Our work with Barnardo’s

The Mental Health Foundation Scotland, alongside the University of Strathclyde, has been appointed as the evaluation and learning partners for a programme of work funded by Barnardo’s.

This piece of work addresses mental health and wellbeing in children and young people in three locations across the UK (North Tyneside, Renfrewshire, and South Eastern Trust, Northern Ireland).

Through this programme, Barnardo’s aims to redesign services for children and young people and support the transformation of whole systems in local areas, primarily through encouraging new ways of working.

These include working collaboratively with various partners from health, education, local government, the third sector, and with children, young people, and families in what Barnardo’s have called ‘strategic partnerships’.

This work aims to transform systems to focus on early intervention and prevention so that the risk factors influencing children and young people’s mental health and wellbeing are minimised, and their resilience maximised.

The first stage of our evaluation work involved speaking to those closely involved in creating the strategic partnerships to understand how those have been developed, what they aim to achieve in each of the local contexts, and how they have engaged with young children people, and parents.

We are currently nearing the second stage of the evaluation, in which we have explored the work of the partnerships over the last 18 months and learned about the barriers and enablers to systems change that have emerged across each of the partnerships. The Phase 2 evaluation report will be available in December 2022.

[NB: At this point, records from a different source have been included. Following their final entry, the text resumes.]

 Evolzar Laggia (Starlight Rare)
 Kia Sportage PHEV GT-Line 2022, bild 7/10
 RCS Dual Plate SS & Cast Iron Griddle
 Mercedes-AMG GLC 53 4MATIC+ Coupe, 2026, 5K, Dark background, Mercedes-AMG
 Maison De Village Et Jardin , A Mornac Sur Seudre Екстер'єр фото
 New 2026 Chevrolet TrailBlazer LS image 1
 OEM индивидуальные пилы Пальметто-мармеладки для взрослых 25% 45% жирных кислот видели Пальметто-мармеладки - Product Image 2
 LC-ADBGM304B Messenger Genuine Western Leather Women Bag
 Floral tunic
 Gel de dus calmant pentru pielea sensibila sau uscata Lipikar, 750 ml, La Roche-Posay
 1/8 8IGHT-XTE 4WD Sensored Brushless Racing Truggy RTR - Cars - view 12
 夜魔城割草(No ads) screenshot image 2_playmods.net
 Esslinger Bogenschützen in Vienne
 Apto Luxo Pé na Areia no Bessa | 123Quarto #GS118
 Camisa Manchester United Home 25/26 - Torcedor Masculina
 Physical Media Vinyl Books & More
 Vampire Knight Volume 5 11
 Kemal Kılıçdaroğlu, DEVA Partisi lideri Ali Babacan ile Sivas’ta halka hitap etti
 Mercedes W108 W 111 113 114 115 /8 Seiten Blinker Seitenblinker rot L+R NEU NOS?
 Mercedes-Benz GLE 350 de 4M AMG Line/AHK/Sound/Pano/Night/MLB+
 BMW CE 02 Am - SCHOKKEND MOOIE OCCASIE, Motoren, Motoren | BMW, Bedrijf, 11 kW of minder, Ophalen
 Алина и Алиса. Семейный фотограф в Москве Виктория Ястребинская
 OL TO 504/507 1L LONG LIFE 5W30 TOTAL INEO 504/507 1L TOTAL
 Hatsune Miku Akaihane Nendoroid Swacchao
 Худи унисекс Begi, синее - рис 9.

We are also currently planning the next phase of the evaluation. In Phase 3, we hope to engage more closely with children, young people, and families to help us to design, conduct and disseminate our evaluation work. We will also explore what systems change means and look like for young people by conducting peer research with those with lived experience in service provision settings. Moreover, a large part of our work in Phase 3 will involve engaging closely with those steering the strategic partnerships to ensure that emerging findings of the evaluation inform practice.